How far will the ship travel after the engine stops?

1. Apr 20, 2017

Kara386

1. The problem statement, all variables and given/known data
A ship's engine supplies power of 85MW, which propels the ship of mass 5.3×106 kg across the sea at its top speed of 11$ms^{−1}$. The frictional force exerted on the ship by the sea is directly proportional to its speed. If it starts at top speed and then travels in a straight line, how far will it go after the engines stop?

2. Relevant equations

3. The attempt at a solution
I thought the ship would start of with energy $\frac{1}{2}mv^2$, and that the work done by friction has to equal this amount for the ship to stop. It says friction is proportional to speed and from dimensional analysis I need units of kgm$s^{-2}$, mass and time also have to be included in the equation for friction, and it has to be inversely proportional to time so that $F = \frac{mv}{t}$ and work done $= \int F dx = \frac{mvx}{t}$. There should probably also be some kind of constant of proportionality in there.

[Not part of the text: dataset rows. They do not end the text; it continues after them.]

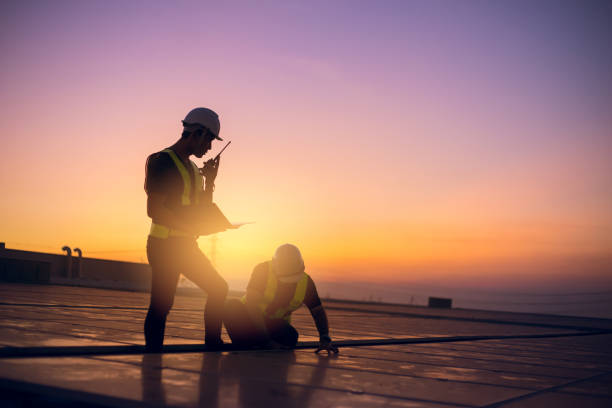 Best Tile Roofing Contractor  in Sauk Centre, MN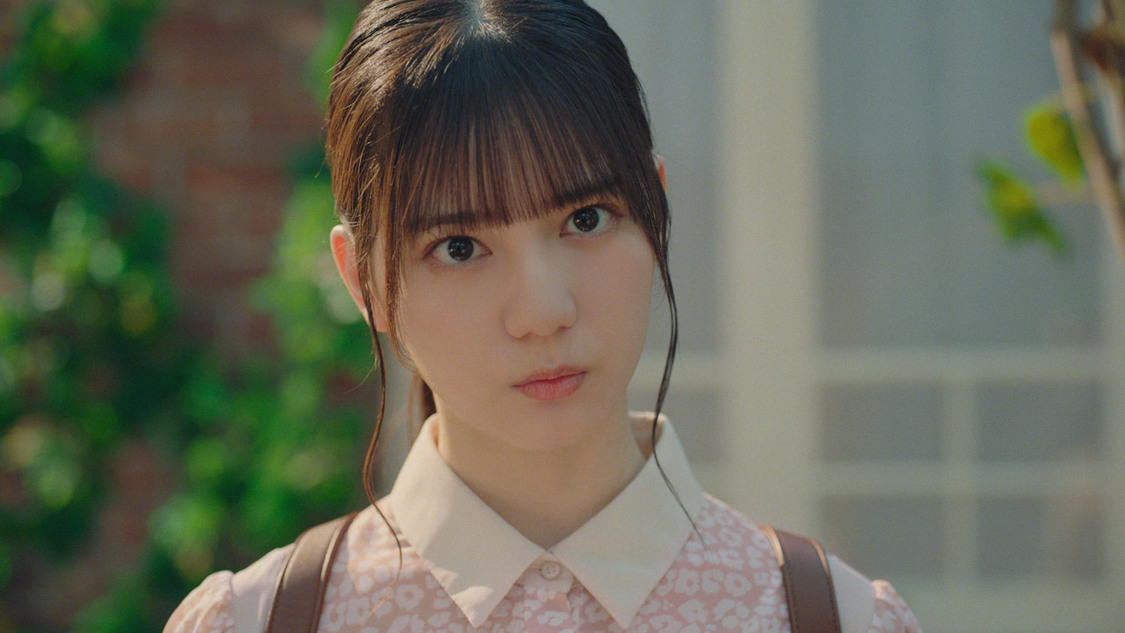 小坂菜緒（日向坂46）＆阿部サダヲ、新TV-CM「CO2を減らすために」篇「すすめ、ゼロカーボン！」篇 CMカット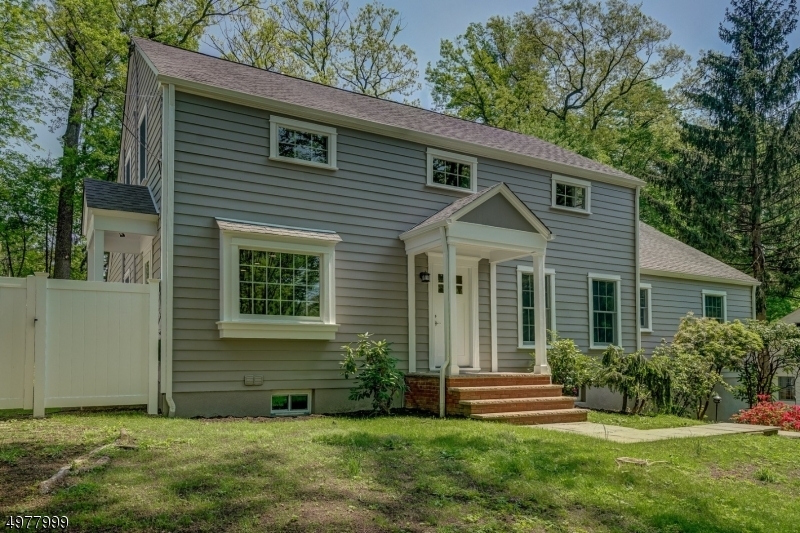 Property Photo:  32 Bradwahl Dr  NJ 07960 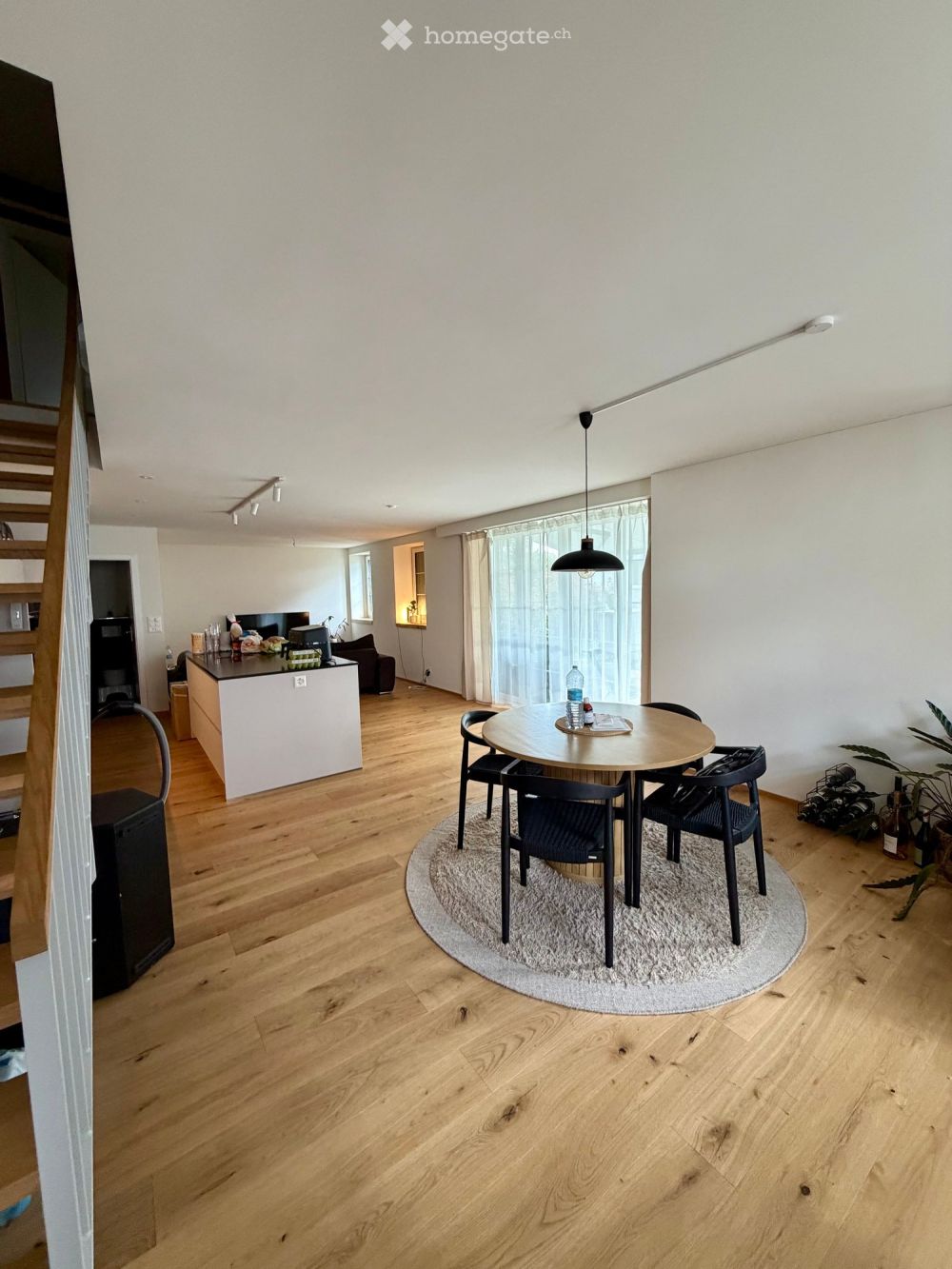 3 ½ Zimmer-Wohnung in Höri mieten - Bild 1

Equating the two energy equations gives me $x = \frac{vt}{2}$ but I don't know t, so that's no good. And I don't know what else to try. Thanks for any help!

2. Apr 20, 2017

BvU

You have two expressions for the energy per second: one from the 85 MW and one from F ds.
You know F = 0 if v = 0 and that F(v) is linear. So you can find F as a function of v

3. Apr 20, 2017

haruspex

No, it just says that the constant of proportionality has dimension mass/time. This need not have anything to do with the mass of the ship nor the time since the engines stopped. F=kv for some constant k.
How can you also relate F and v via acceleration?

4. Apr 20, 2017

Kara386

Oops. Ok so it's a case of F = kv maybe plus some constant c, except as BvU says for F=0 v=0 so then there can't be a $c$. Then I think I can use P = Fv to find out the force of friction, so $85MW = F \times 11$m$s^{-1}$ meaning when the boat travels at max speed $F = 7.7\times 10^6$, and from that $k=7\times 10^5$. Then it's a differential equation. Thanks! :)

5. Apr 20, 2017

BvU

Didn't want to give it away too much ..., but yes